Autant d’engagements de chiraquiens qui ont comme point commun de ne pas être au service de Nicolas Sarkozy. Selon Patrick Stefanini, l’explication tient à la fois « de clivages idéologiques et de tempérament ». « La façon dont Chirac faisait campagne n’a rien à voir avec celle de Sarkozy, estime-t-il. Chirac avait été traumatisé par l’affaire du ‘bruit et de l’odeur’. Il n’était donc plus très versé sur l’islam et l’immigration. » Un marqueur que l’on retrouve dans la controverse entre Nicolas Sarkozy et Alain Juppé sur « l’identité heureuse ».

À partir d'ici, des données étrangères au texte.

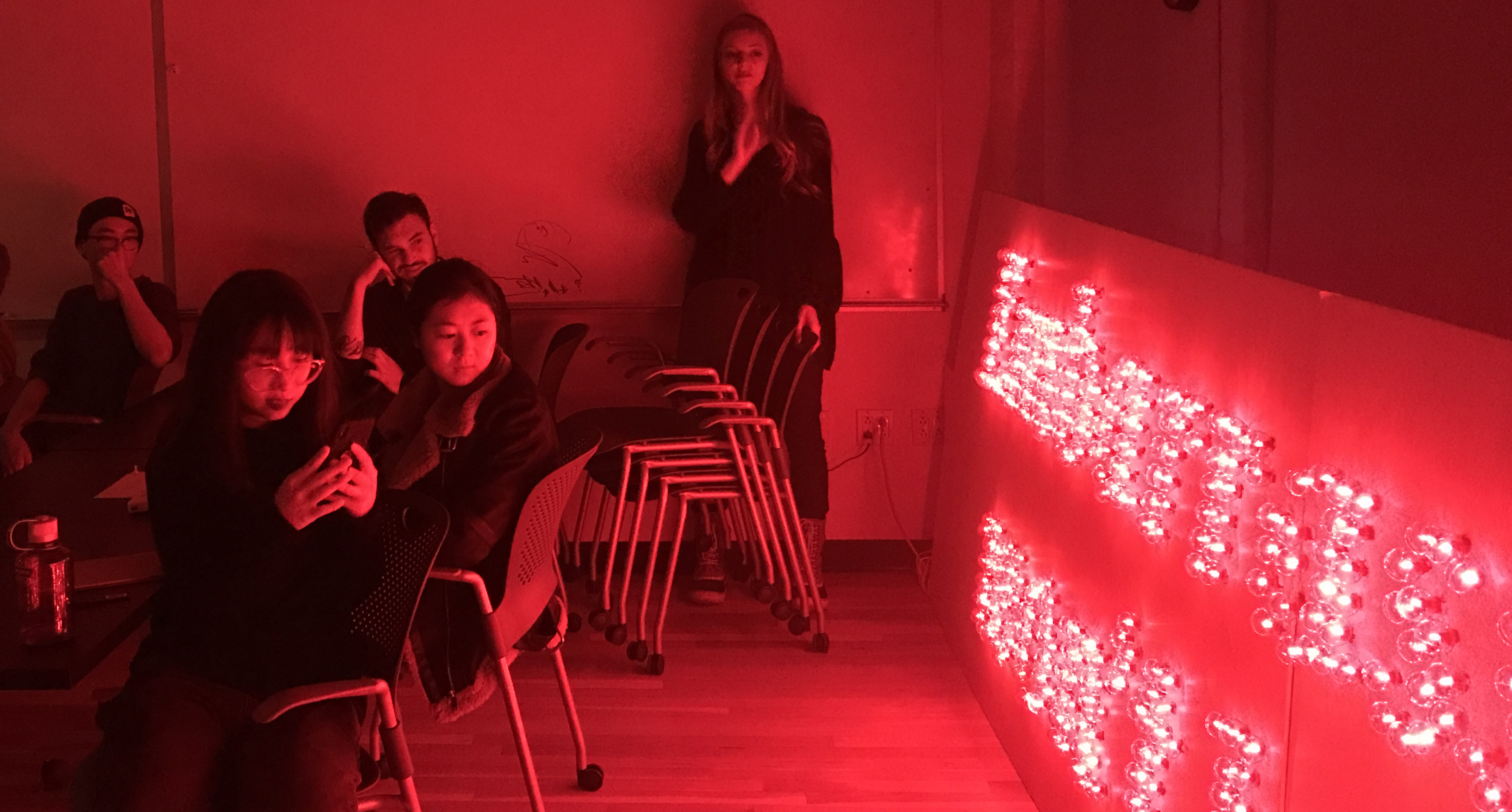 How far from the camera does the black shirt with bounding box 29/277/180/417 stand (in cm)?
413

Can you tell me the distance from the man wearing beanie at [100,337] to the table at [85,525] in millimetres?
394

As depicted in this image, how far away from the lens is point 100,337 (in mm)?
4191

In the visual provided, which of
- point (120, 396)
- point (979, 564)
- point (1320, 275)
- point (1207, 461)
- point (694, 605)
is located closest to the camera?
point (1207, 461)

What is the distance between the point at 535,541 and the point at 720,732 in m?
0.98

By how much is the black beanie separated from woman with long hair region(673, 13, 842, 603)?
1632 mm

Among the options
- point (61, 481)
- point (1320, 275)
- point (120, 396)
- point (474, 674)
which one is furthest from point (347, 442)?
point (120, 396)

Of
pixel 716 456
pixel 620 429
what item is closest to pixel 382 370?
pixel 620 429

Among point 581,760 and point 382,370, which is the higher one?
point 382,370

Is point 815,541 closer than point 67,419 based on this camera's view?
No

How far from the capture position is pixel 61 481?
301 centimetres

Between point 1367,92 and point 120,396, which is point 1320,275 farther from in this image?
point 120,396

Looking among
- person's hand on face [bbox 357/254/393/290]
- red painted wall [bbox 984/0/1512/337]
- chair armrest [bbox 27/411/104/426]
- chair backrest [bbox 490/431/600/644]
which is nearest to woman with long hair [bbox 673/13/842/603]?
red painted wall [bbox 984/0/1512/337]

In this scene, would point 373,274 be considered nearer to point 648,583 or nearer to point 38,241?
point 38,241

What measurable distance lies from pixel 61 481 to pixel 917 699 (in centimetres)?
205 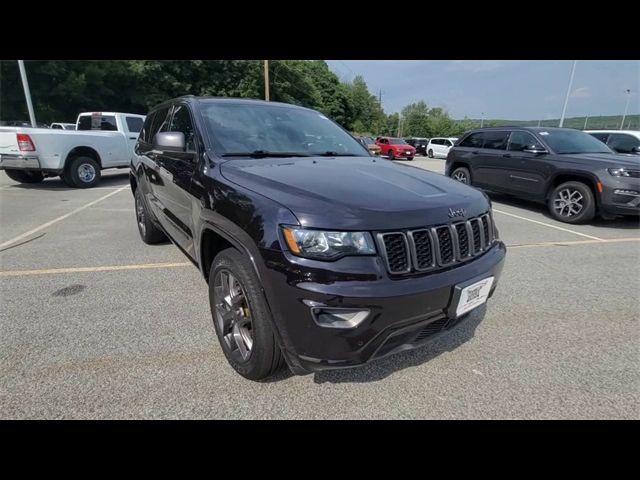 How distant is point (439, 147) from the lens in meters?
29.6

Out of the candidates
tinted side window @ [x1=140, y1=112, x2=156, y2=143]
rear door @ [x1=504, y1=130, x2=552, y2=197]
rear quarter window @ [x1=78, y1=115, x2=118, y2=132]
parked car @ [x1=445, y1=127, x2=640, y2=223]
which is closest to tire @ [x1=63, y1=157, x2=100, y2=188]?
rear quarter window @ [x1=78, y1=115, x2=118, y2=132]

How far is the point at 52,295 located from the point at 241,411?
2558 millimetres

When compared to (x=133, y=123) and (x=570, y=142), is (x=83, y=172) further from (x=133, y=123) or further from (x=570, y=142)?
(x=570, y=142)

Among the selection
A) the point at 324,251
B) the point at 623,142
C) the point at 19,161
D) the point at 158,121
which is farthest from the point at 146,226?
the point at 623,142

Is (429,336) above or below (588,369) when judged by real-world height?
above

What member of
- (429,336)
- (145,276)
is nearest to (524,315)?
(429,336)

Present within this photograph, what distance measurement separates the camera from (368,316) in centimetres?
170

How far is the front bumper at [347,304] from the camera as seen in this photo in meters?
1.68

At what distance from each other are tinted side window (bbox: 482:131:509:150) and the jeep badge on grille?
7163 millimetres

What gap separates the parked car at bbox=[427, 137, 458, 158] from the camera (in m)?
29.2

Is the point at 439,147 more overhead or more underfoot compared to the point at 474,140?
more underfoot

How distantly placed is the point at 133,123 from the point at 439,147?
24.4 meters

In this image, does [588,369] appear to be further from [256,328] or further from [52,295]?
[52,295]

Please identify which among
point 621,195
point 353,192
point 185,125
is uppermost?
point 185,125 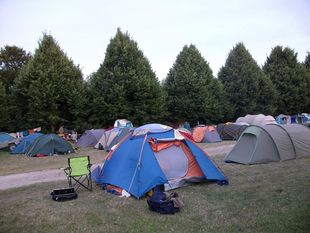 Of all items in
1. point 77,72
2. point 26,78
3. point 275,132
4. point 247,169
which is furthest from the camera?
point 77,72

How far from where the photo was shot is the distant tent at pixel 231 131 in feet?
73.4

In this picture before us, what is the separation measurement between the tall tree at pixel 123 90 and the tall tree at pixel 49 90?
139 cm

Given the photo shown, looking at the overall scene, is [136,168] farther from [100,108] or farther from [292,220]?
[100,108]

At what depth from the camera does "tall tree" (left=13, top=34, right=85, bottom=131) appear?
963 inches

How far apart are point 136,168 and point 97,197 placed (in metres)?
1.21

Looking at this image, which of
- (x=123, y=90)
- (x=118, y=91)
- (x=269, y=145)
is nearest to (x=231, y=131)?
(x=123, y=90)

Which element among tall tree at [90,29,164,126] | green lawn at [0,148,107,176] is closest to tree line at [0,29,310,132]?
tall tree at [90,29,164,126]

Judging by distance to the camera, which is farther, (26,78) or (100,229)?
(26,78)

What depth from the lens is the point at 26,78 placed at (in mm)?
24625

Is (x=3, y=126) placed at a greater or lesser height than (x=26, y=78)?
lesser

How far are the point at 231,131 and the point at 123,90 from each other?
8.79 m

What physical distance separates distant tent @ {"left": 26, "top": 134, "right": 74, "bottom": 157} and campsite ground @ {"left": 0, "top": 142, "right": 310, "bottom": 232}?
7899 mm

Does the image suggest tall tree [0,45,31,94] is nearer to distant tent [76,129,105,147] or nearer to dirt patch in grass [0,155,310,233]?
distant tent [76,129,105,147]

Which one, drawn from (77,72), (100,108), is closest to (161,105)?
(100,108) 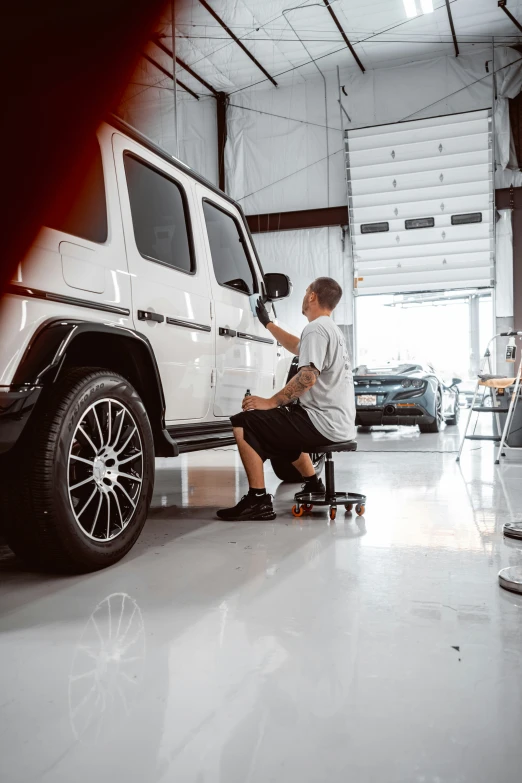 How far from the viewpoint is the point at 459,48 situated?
38.9 feet

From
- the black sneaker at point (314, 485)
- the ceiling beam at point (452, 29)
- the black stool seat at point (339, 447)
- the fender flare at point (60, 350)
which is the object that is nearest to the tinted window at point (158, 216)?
the fender flare at point (60, 350)

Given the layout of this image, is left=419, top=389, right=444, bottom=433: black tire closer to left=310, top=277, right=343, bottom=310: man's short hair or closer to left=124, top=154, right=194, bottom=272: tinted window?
left=310, top=277, right=343, bottom=310: man's short hair

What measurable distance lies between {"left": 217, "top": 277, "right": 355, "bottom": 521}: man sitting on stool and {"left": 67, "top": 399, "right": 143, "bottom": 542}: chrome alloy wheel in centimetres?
96

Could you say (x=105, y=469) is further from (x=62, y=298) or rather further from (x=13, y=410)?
(x=62, y=298)

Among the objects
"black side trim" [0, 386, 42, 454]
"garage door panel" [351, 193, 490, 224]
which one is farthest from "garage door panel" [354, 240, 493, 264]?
"black side trim" [0, 386, 42, 454]

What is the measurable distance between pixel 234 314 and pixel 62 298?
1.55 m

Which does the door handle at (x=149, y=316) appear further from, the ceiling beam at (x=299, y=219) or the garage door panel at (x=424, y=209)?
the ceiling beam at (x=299, y=219)

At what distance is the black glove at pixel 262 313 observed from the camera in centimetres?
392

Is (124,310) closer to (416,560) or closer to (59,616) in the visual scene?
(59,616)

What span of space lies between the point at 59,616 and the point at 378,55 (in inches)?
506

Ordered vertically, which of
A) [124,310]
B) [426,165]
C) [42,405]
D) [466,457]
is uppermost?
[426,165]

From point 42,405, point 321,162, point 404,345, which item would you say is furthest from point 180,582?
point 321,162

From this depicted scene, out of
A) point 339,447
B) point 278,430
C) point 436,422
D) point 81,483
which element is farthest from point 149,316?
point 436,422

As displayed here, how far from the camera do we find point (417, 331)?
12.9 metres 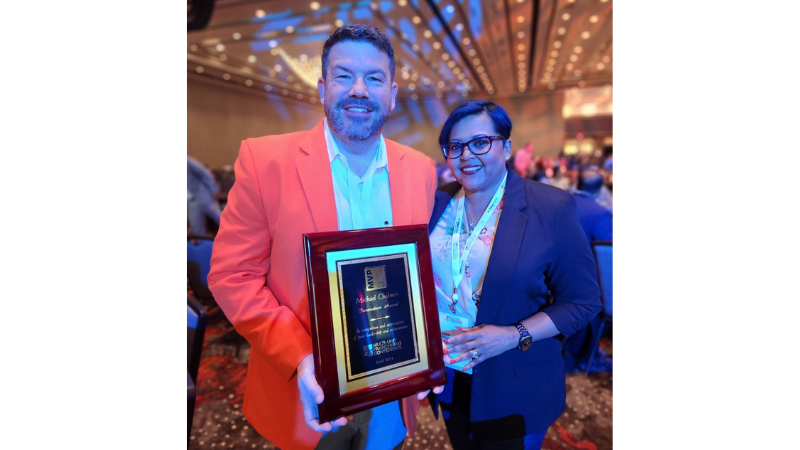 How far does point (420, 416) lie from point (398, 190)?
213cm

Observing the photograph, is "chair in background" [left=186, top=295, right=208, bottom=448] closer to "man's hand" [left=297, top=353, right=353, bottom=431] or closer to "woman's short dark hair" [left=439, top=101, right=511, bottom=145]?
"man's hand" [left=297, top=353, right=353, bottom=431]

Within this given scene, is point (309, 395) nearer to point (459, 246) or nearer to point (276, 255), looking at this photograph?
point (276, 255)

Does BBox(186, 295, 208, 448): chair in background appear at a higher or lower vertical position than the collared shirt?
lower

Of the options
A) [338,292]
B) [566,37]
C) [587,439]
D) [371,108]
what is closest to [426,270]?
[338,292]

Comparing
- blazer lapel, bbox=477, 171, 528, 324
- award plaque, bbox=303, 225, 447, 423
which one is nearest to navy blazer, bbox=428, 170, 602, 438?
blazer lapel, bbox=477, 171, 528, 324

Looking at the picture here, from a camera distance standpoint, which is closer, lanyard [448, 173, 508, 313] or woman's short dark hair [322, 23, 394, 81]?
woman's short dark hair [322, 23, 394, 81]

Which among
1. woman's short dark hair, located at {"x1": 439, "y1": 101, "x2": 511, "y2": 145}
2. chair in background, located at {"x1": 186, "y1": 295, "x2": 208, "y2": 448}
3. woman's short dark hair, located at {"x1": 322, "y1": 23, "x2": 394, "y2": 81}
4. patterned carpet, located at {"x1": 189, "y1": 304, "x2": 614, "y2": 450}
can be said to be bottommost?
patterned carpet, located at {"x1": 189, "y1": 304, "x2": 614, "y2": 450}

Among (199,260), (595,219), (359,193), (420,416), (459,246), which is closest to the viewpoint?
(359,193)

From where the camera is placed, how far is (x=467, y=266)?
3.63 ft

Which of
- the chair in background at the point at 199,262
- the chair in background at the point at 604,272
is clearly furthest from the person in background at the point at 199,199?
the chair in background at the point at 604,272

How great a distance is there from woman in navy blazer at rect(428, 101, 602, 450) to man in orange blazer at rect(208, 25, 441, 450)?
8.8 inches

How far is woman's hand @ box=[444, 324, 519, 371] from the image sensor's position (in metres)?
0.95

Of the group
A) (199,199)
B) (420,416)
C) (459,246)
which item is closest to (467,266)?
(459,246)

« L’idée du rassemblement prévalait »
« Pour Jacques Chirac, l’idée du rassemblement des Français prévalait. C’est ce qui le différencie le plus de Nicolas Sarkozy », confie à L’Express une figure de la chiraquie qui s’apprête à rendre public son soutien à Alain Juppé. « Il existe un continuum idéologique » entre l’ancien président de la République et le maire de Bordeaux, analyse cette personne.
Il existe bien évidemment des exceptions à la règle dont les plus notables sont le ralliement des très chiraquiens François Baroin et Christian Jacob à Nicolas Sarkozy. Mais la rancoeur personnelle du premier à l’égard d’Alain Juppé, qui ne l’a pas reconduit en 1995 comme porte-parole du gouvernement dans le second exécutif, constitue un singulier et puissant moteur d’explication.
« Ceux qui étaient en 1995 avec Jacques Chirac partagent un fond gaullien, c’est-à-dire la volonté de rassembler plus que de cliver », abonde Serge Grouard, en référence à Nicolas Sarkozy. « Les gens sont à cran en ce moment. Il faut donc être responsable dans ses propos. Ce qui ne veut pas dire qu’il faut un projet mollasson… »
« Lui non plus ne se préoccupait pas des sondages »
Jean-François Copé est bien de cet avis. Celui qui fut le porte-parole du gouvernement durant le second mandat de Jacques Chirac, se revendique du chiraquisme, tout en assumant un projet de « droite décomplexée ». Une filiation « de caractère, plus que de programmes », confie l’ancien président des Républicains à L’Express. « Jacques Chirac avait une tenue que ses successeurs n’ont jamais eue », dézingue-t-il.
« Dans la campagne de la primaire, je pense beaucoup à sa solidité. En 1995, lui non plus ne se préoccupait pas des sondages [initialement favorables à Edouard Balladur] et remplissait pourtant les salles. » « Et je suis le seul ‘Chirac boy’ à ne pas avoir été à la soupe », conclut Jean-François Copé qui n’a pas occupé de fonctions ministérielles pendant le quinquennat de Nicolas Sarkozy. Décidément, en matière de chiraquisme, c’est l’indépendance vis-à-vis de Nicolas Sarkozy qui donne le la.